DC loop Inductance is obtained by the following formula: L Loop = L11+L22- 2*M12 ;   where L11, L22: self inductances; M12: mutual inductance
  Reference [1] EMS results
DC resistance 5.4304 m Ohm 5.4304 m Ohm
DC Loop inductance 50.742 n Henry 54.775 n Henry

Table 2 - DC resistance and DC inductance results produced by EMS and compared to Reference [1]

AC Inductance & AC Resistance calculation

Beyond calculating DC inductance and resistance, EMS is outfitted with AC Magnetic and eddy current capabilities. These features enable the computation of AC resistance and AC loop inductance for the PCB structure at various frequencies: 1KHz, 2KHz, 5KHz, 10KHz, 20KHz, 50KHz, 100KHz, 200KHz, 500KHz, and 1MHz.

Reduced model

Given the small skin depth of the field in the conducting regions, approximately in the order of \(1 \times 10^{-5}\) to \(1 \times 10^{-4}\) mm, significant computing resources, including CPU and RAM, are required.

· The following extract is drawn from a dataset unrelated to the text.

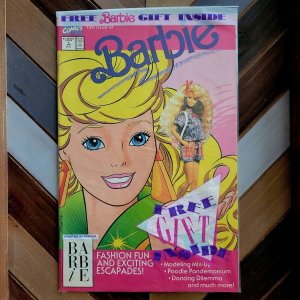 Barbie #1 NM (Marvel 1991) Premiere Issue, Polybagged + GIFT: Barbie Credit Card 
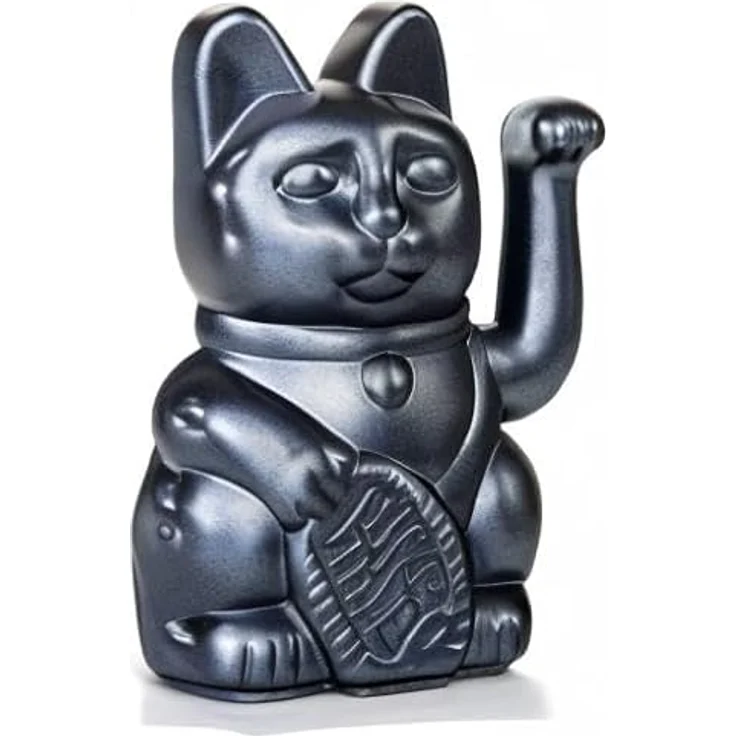 Donkey Winkekatze Lucky Cat Galaxy metallicgrau – Bild 5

Consequently, only 1/20 of the model is simulated, as illustrated in Figure 6. The inductance and resistance values obtained from this reduced model are then multiplied by 20 to extrapolate the results for the full model.

simulate-a-portion-of-the-model

Figure 6 - 1/20 of the structure is modeled for AC Magnetic analysis


In a manner akin to the Magnetostatic analysis, the two traces are modeled as coils for the AC analysis. To incorporate the skin depth effect in the AC resistance calculation, the coils are modeled as solids, as wound coils do not accommodate eddy currents. Figure 7 displays the AC resistance values for frequencies ranging from 1 KHz to 1 MHz, as computed by EMS and compared to Reference [1]. Meanwhile, Figure 8 presents the AC inductance results and their comparison over the same frequency range.

Figure 7 - AC resistance computed by EMS and compared to Reference [1]

AC-inductance-comparison

Figure 8 - AC inductance computed by EMS and compared to Reference [1]

Conclusion

This blog note delves into the significance of accurately simulating parasitic parameters in PCB designs using EMS, addressing a critical concern for electronic design automation professionals. By providing a detailed examination of EMS's capabilities in capturing the nuanced electrical properties of PCBs, this note affirms the tool's precision in parasitic capacitance, resistance, and inductance calculations. This insight not only bolsters confidence in high-frequency circuit modeling but also underscores EMS's indispensable role in advancing electronic design and optimization, positioning it as a vital resource for engineers tackling the complexities of electromagnetic interference.

Reference

[1] Jingen Qian, “RF Models for Active IPEMs”, MS Thesis in Electrical Engineering,  Virginia Polytechnic Institute and State University, January 31, 2003.